Recorded data.
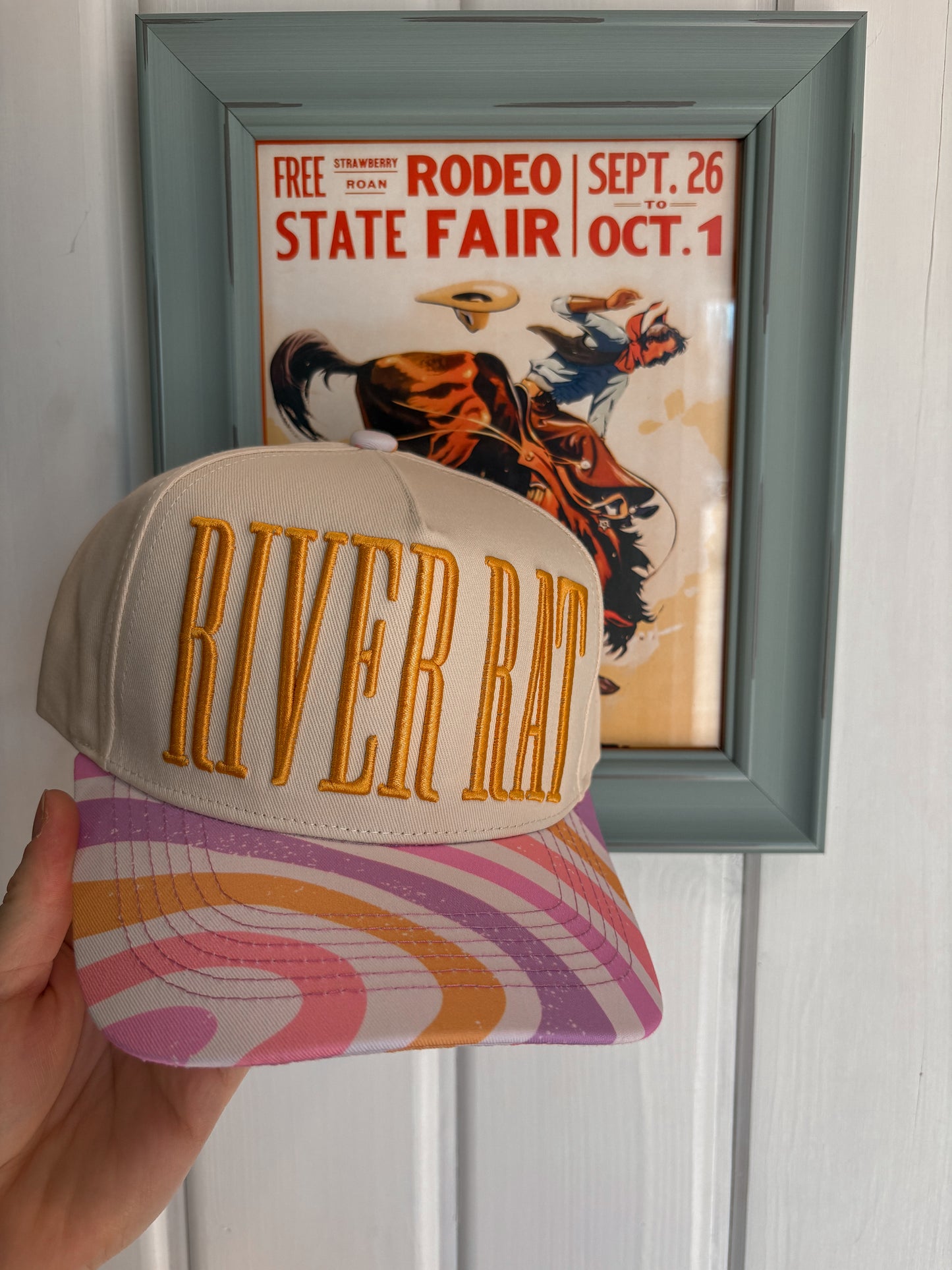 River Rat Embroidered Hat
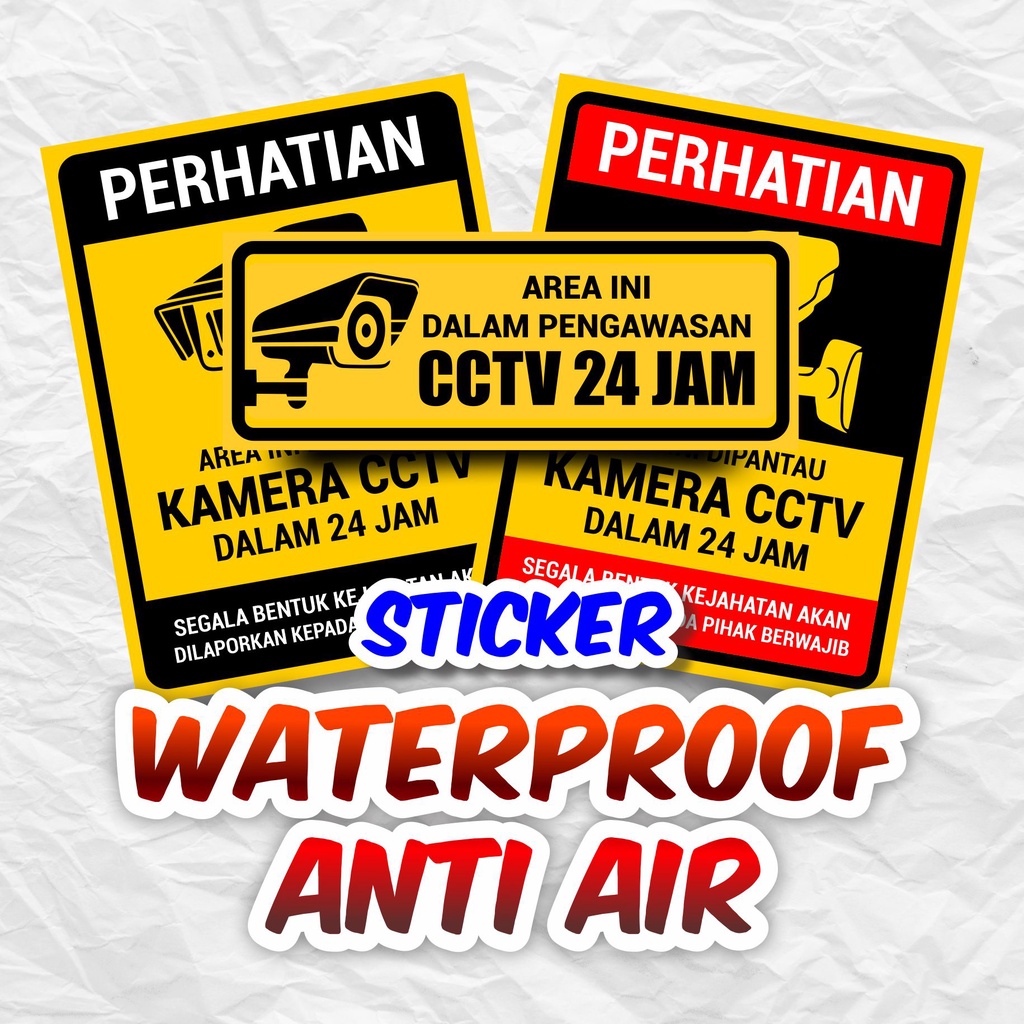 

Sticker Area Pantauan CCTV 24 Jam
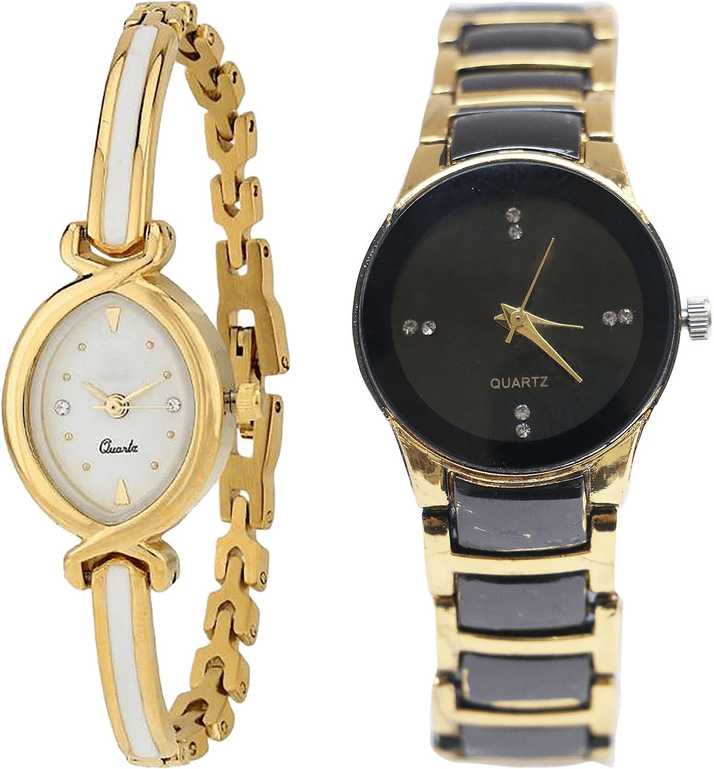 Groot Brand New Heart Analogue Gold Color Girls And Women Watch G123 G208 Combo Of 2 Combo Watch Analog Watch For Girls Buy Groot Brand New Heart Analogue Gold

How to complete this task. Where the data includes pictures, leave them out and write out everything else exactly.

Response.
 River Rat Embroidered Hat

Sticker Area Pantauan CCTV 24 Jam
 Groot Brand New Heart Analogue Gold Color Girls And Women Watch G123 G208 Combo Of 2 Combo Watch Analog Watch For Girls Buy Groot Brand New Heart Analogue Gold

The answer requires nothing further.